We tried to find ways to overcome the mentioned problems. There are some things to consider:
- "Classical" non-recursive makefiles also offer ways to add instability by giving incomplete information. As discussed in the analysis of the current build system, a clean build will work always (and only) in case all necessary makefiles have been included and so rules for all targets to be built have been specified. But if only rules have been specified completely, but some prerequisites have not been declared, rebuilds will not be executed properly, as dependencies are missing. Detecting this kind of instability is also hard, so a better build system should try to avoid that this can happen.
- Building only parts is a bad idea if the result is meant to have a quality that can be tested, but it is still a valid request if e.g. a particular file just should be compiled. A “classical” non-recursive make where the sub-makefiles can't be used separately does not allow to do that easily.

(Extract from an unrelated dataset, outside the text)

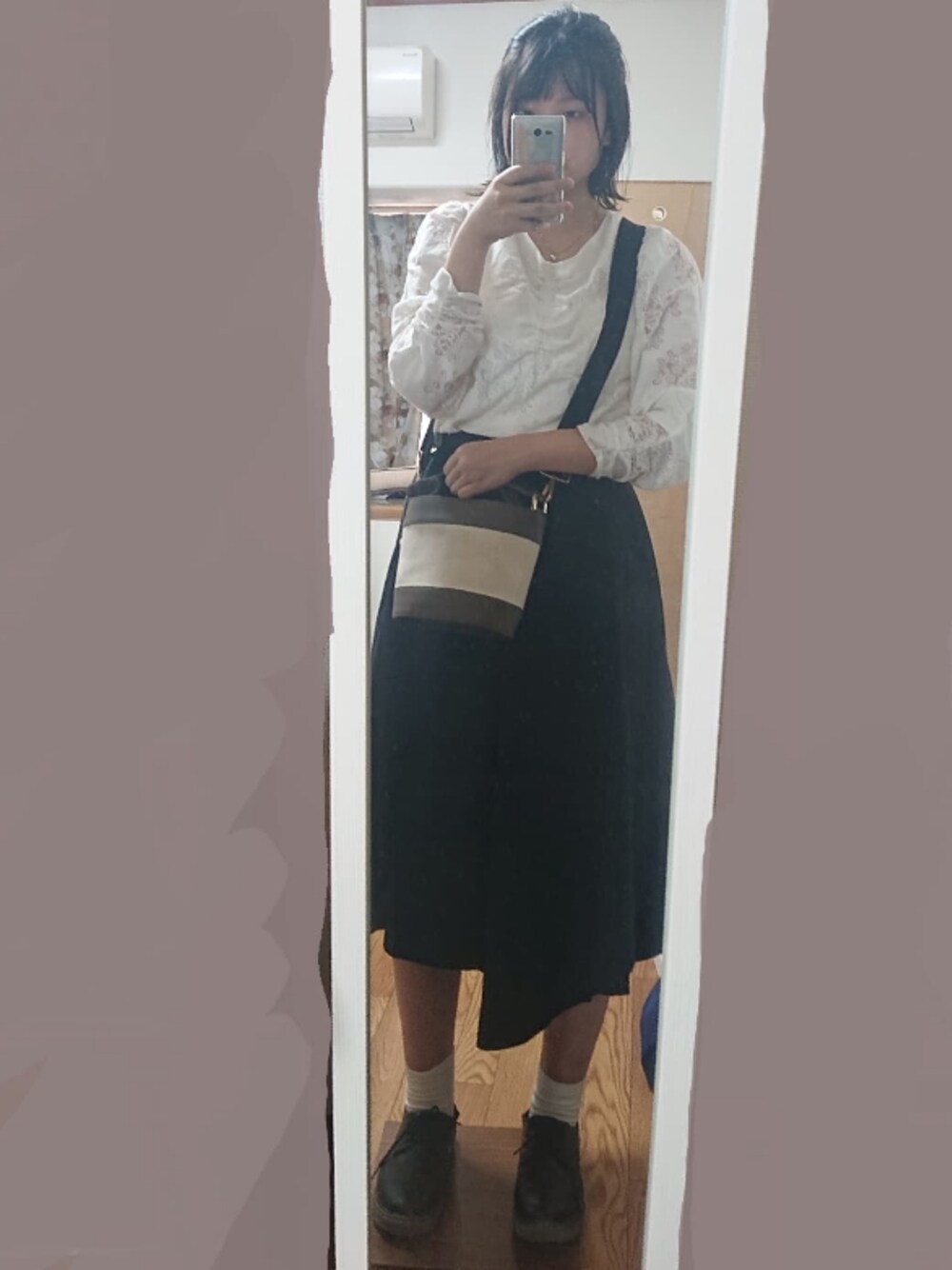 「ラブアンドピース2021、ootd、おしゃれさんと繋がりたい、モノトーン、プチプラ、キレイめ、秋のコーデ、ELENCARE DUE、jemiremi、骨格ストレート」｜「ELENCARE DUEの・ELENCARE DUE レースシャーリングブラウス＊（シャツ/ブラウス、ホワイト系）」を使った、はーちゃん🐻さん（レディース・165cm）の秋コーディネートの1枚目の写真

- As all makefiles are loaded into the same process, it needs a concept to keep the overview. The sub makefiles should be as simple as possible and – as all software - without a good design the build system itself may become a big ball of mud.
- In big projects people fear that throwing all dependencies, targets and rules into one process can create performance or memory problems.
- Another important point that we need to consider is that a migration path from the current to a new or improved build system is needed. We need to convert modules one by one, as we don't have the man power to convert all modules at once in a short time frame but OTOH don't want to maintain two parallel sets of makefiles over several months.
- A special problem in our build is the presence of generated headers. One might think that generated headers are just like other prerequisites, but they aren't because there are so much of them. If there was only one generated header next to a C++ source file, it could be added to the Makefile, together with the rule to generate it. But we have several thousand headers that are searched for in all include directories, so that before the header is created we not even know the exact path name of it. In our current build system we just hide that behind a recursive build where the module providing the generated headers must be built before the modules that use them. This is achieved by adding explicit module dependencies. In a build system that relies on a complete dependency tree there must be a way to insert dependencies dynamically at runtime of the make process.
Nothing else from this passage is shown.